Humans have been fascinated by space and the possibility of extraterrestrial life for centuries. Since the launch of Sputnik 1 in 1957, numerous space missions have been sent to explore our solar system and beyond. The search for alien life has been a primary motivation for space exploration, with efforts made to detect signs of life on other planets and moons.

While the search for extraterrestrial life has yet to yield definitive proof, it remains a fascinating and important area of research.


Oumuamua, the first confirmed object from another star to visit our solar system, is a rocky, cigar-shaped interstellar interloper with a reddish hue. It is about 400 meters long, highly elongated, and has an aspect ratio greater than any asteroid or comet observed in our solar system. Its unusual shape could provide new insights into the formation of other solar systems.

The University of Hawaii’s Pan-STARRS1 telescope, funded by NASA’s NEOO Program, discovered this first interstellar object to visit our solar system, 1I/2017 U1 ‘Oumuamua, on October 19, 2017. Initially classified as a comet, observations revealed no cometary activity after it passed the Sun at an incredible speed. It was then classified as an asteroid until further measurements indicated it behaved more like a comet.

How It got Its name:

The International Astronomical Union (IAU) gave the first interstellar object the technical name 1I/2017 U1. However, the team from the University of Hawaii’s Pan-STARRS program that discovered it also gave it a more unique name, ‘Oumuamua, which means “a messenger from afar arriving first” in Hawaiian.


Observations of the interstellar object 1I/2017 U1 ‘Oumuamua suggest that it had been traveling unattached to any star system through the Milky Way for hundreds of millions of years before encountering our solar system.

This provides the first direct evidence of such interstellar objects, which scientists have theorized about for decades. Thomas Zurbuchen, associate administrator for NASA’s Science Mission Directorate, called it a groundbreaking discovery in November 2017.
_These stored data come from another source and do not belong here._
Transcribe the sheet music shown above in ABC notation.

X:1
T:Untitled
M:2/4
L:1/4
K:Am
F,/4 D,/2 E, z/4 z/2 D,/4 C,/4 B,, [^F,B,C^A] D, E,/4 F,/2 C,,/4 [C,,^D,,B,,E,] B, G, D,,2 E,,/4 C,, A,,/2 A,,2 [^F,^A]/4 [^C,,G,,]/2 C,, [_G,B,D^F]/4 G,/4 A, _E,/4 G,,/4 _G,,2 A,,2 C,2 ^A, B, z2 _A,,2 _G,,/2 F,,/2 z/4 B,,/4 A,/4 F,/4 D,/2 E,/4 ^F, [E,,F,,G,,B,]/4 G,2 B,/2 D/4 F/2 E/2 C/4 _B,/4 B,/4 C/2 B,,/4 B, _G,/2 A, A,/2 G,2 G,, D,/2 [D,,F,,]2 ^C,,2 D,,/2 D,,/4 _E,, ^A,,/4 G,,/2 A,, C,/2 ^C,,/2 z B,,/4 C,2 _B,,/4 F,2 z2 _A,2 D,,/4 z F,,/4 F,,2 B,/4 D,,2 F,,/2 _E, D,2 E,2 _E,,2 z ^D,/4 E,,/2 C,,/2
The Very Large Telescope in Chile and other telescopes worldwide were used to quickly measure the orbit, brightness, and colour of the interstellar object 1I/2017 U1 ‘Oumuamua after its discovery. Astronomers, lead by Karen Meech of the Institute for Astronomy in Hawaii, collated photos from several telescopes to establish that the object varies in brightness by a factor of 10 as it rotates every 7.3 hours.
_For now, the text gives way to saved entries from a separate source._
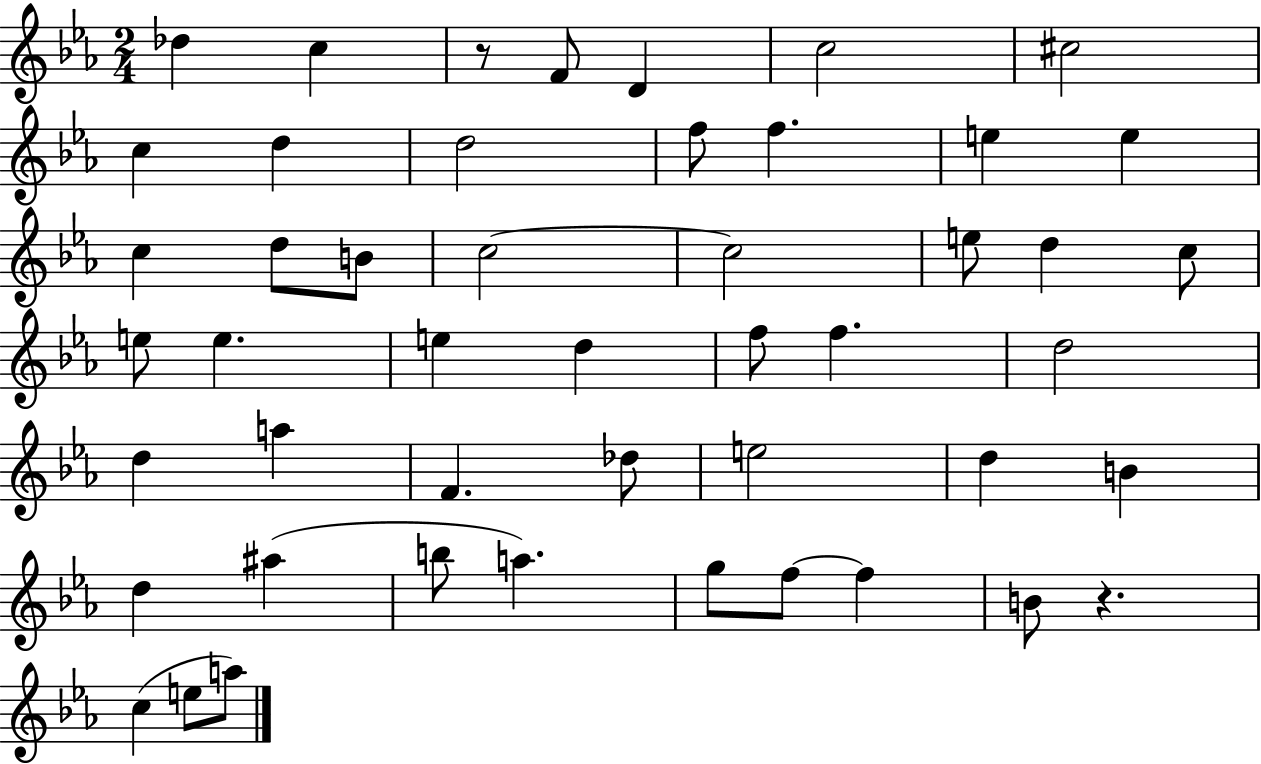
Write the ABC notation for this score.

X:1
T:Untitled
M:2/4
L:1/4
K:Eb
_d c z/2 F/2 D c2 ^c2 c d d2 f/2 f e e c d/2 B/2 c2 c2 e/2 d c/2 e/2 e e d f/2 f d2 d a F _d/2 e2 d B d ^a b/2 a g/2 f/2 f B/2 z c e/2 a/2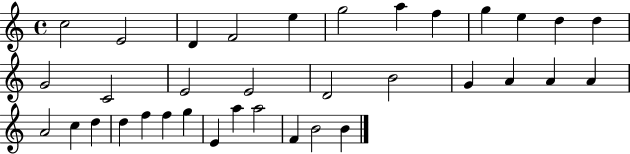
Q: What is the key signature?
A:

Its high elongation and brightness variations are unlike any known asteroid or comet from our solar system. The most elongated objects previously observed were no more than three times longer than their width.

Karen Meech reported that the object’s significant brightness variation implies an elongated shape, about ten times longer than its width, with a convoluted structure. Meech also confirmed that the object’s reddish hue is like that of outer solar system objects and observed that it is entirely inactive, with no trace of dust.

Possible Origin and Future Path

Preliminary calculations suggest that ‘Oumuamua came from the general direction of the bright star Vega, but it took so long to travel to our solar system that Vega was not in that position 300,000 years ago. The object has since passed Mars and will pass Jupiter in May 2018 before leaving our solar system for the constellation Pegasus in January 2019.

Astronomers estimate that similar interstellar objects pass through our inner solar system about once per year, but they are difficult to detect without powerful survey telescopes like Pan-STARRS1.


Astronomers now have the thrilling chance to examine an item that came from outside our solar system thanks to the discovery of the ‘Oumuamua interstellar object. It stood out from every other known asteroid or comet in our solar system due to its peculiar shape, elongation, and brightness variation.

Despite the fact that ‘Oumuamua has since departed the solar system and is no longer visible, its discovery has provided new opportunities for study of extrasolar planets and the potential for extraterrestrial life. There is a good chance that more interstellar objects may be discovered as technology develops and telescopes become more potent, giving us more information about the secrets of our universe.